EU-Kompromiss in Sachen Rechtsstaatlichkeit

Regierungen in der Union, die europäische Werte missachten, sollen künftig bestraft werden können. Fragezeichen bleiben aber.

Brüssel.

Wer europäische Werte demontiert oder gegen sie verstößt, muss schon bald mit harten Konsequenzen rechnen. Die Unterhändler der EU-Mitgliedsstaaten sowie des Europäischen Parlamentes und der Brüsseler Kommission haben sich am Donnerstag auf einen neuen Mechanismus verständigt, um Abweichler in den eigenen Reihen zu bestrafen. Johannes Hahn, EU-Kommissar für die Verwaltung und das Personal, sprach von einem "historischen Durchbruch". Das Lob war einhellig - quer durch alle Parteien. Dies liegt vor allem daran, dass der Beschluss den beschuldigten Ländern Polen, Ungarn, Tschechien und der Slowakei die Möglichkeit nimmt, sich gegenseitig vor Sanktionen zu schützen.

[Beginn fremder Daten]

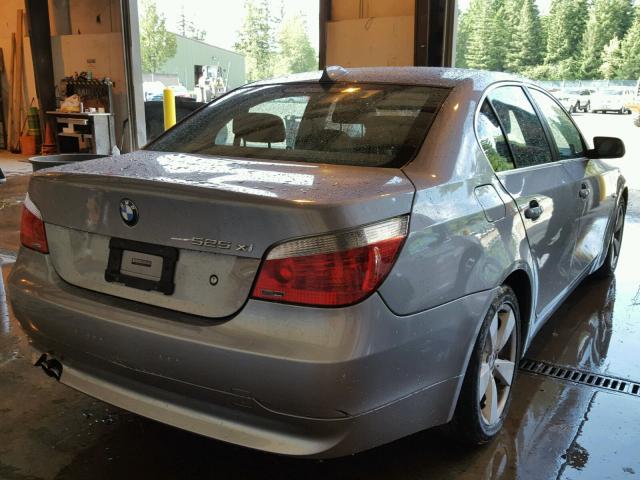 WBANF33596CS37569 - 2006 BMW 525 XI SILVER photo 4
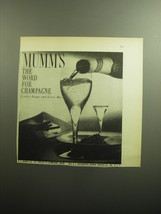 1958 Mumm&#39;s Champagne Ad - Mumm&#39;s the word for champagne - $18.49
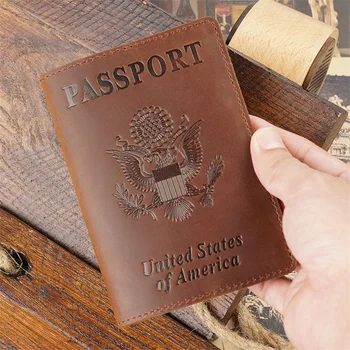 Корици за паспорти на Съединените Щати от естествена кожа, притежател на паспорт САЩ, защита на приспособление за пътуване, здрав ретро чанта за носене от естествена кожа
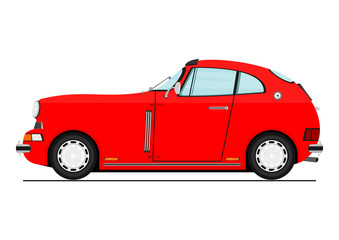 Cartoon red sports car. Side view. Flat vector.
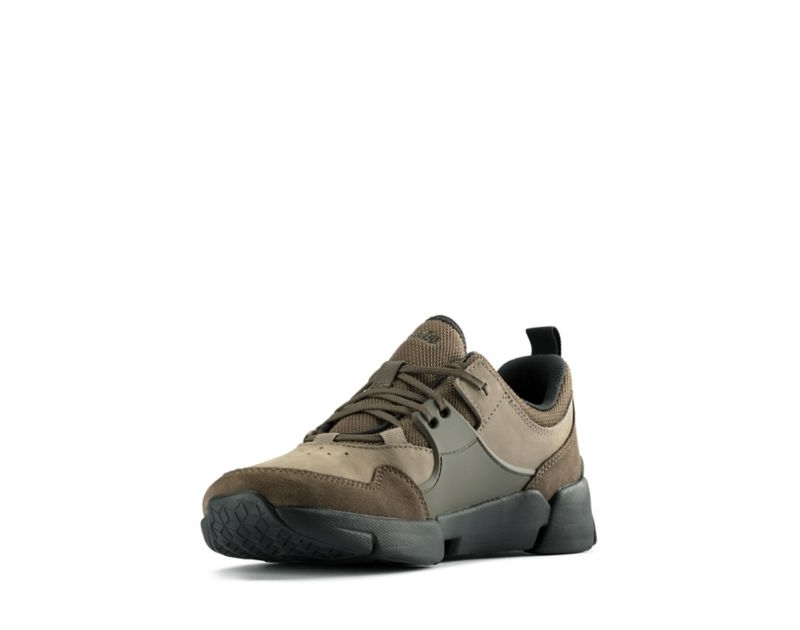 Clarks Tri Active Lace Trainers Dark Olive Men - India M9A9376-Y1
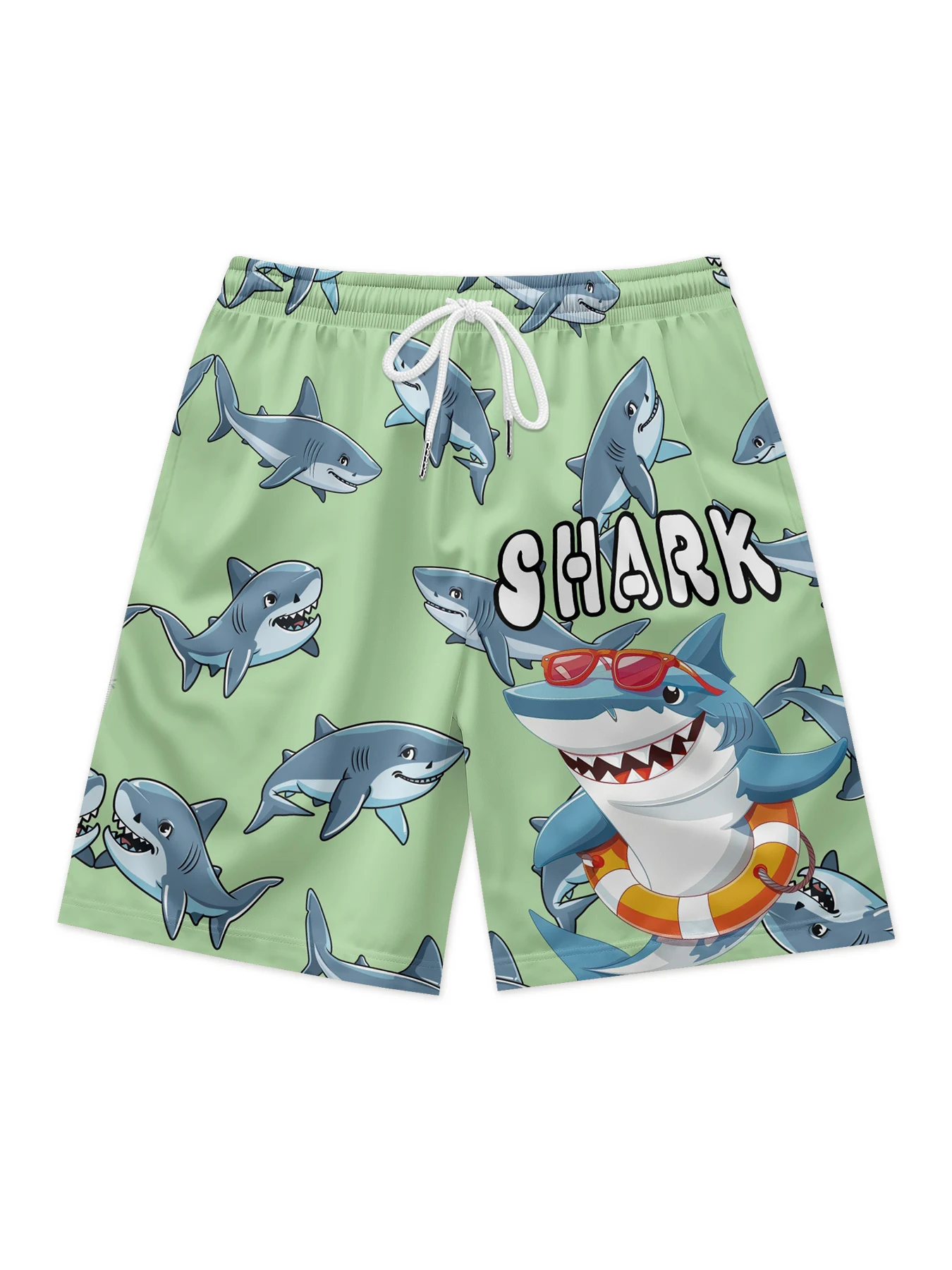 

100% Polyester All Over Printing Custom Men's Shorts Summer Men Shorts pantalones casuales green shark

Das Verfahren läuft so ab: Sobald die Europäische Kommission einen schwerwiegenden Verstoß gegen die Grundwerte festgestellt hat und eine Kürzung der wichtigen Brüsseler Subventionen empfiehlt, muss sich der europäische Ministerrat damit befassen - und zwar binnen eines Monats. Damit Zahlungen gestoppt werden können, ist eine sogenannte qualifizierte Mehrheit nötig, also eine Zustimmung von mindestens 15 der 27 Mitgliedsstaaten, die 65 Prozent der EU-Bevölkerung repräsentieren. Die beschuldigte Regierung darf sich äußern und verteidigen.

Neu sind die Regelungen für den Fortgang des Verfahrens. Zum einen muss die bestrafte Regierung weiterhin den monatlichen EU-Beitrag in die Gemeinschaftskasse zahlen. Zum anderen werden die zur Strafe gestoppten Gelder nicht einbehalten, sondern "an gemeinnützige Projekte, Bürgerinnen und Bürger, Nichtregierungsorganisationen, Landwirte und Firmen" in dem betroffenen Land ausgezahlt, wie die CSU-Europapolitikerin und Vorsitzende des Haushaltskontrollausschusses, Monika Hohlmeier, sagte. So verhindere man, dass die Bürger für eine verfehlte Politik ihrer Regierung bestraft werden. "Ein sehr guter Kompromiss", bekräftigte Hohlmeier. Der Grünen-Politiker Daniel Freund sprach von "einem Schritt nach vorn". Die Vereinbarung sei "deutlich stärker als das, was die deutsche Ratspräsidentschaft vorgelegt hat". Tatsächlich hatten Berlins Unterhändler lediglich konkrete Betrugsfälle sanktionieren wollen.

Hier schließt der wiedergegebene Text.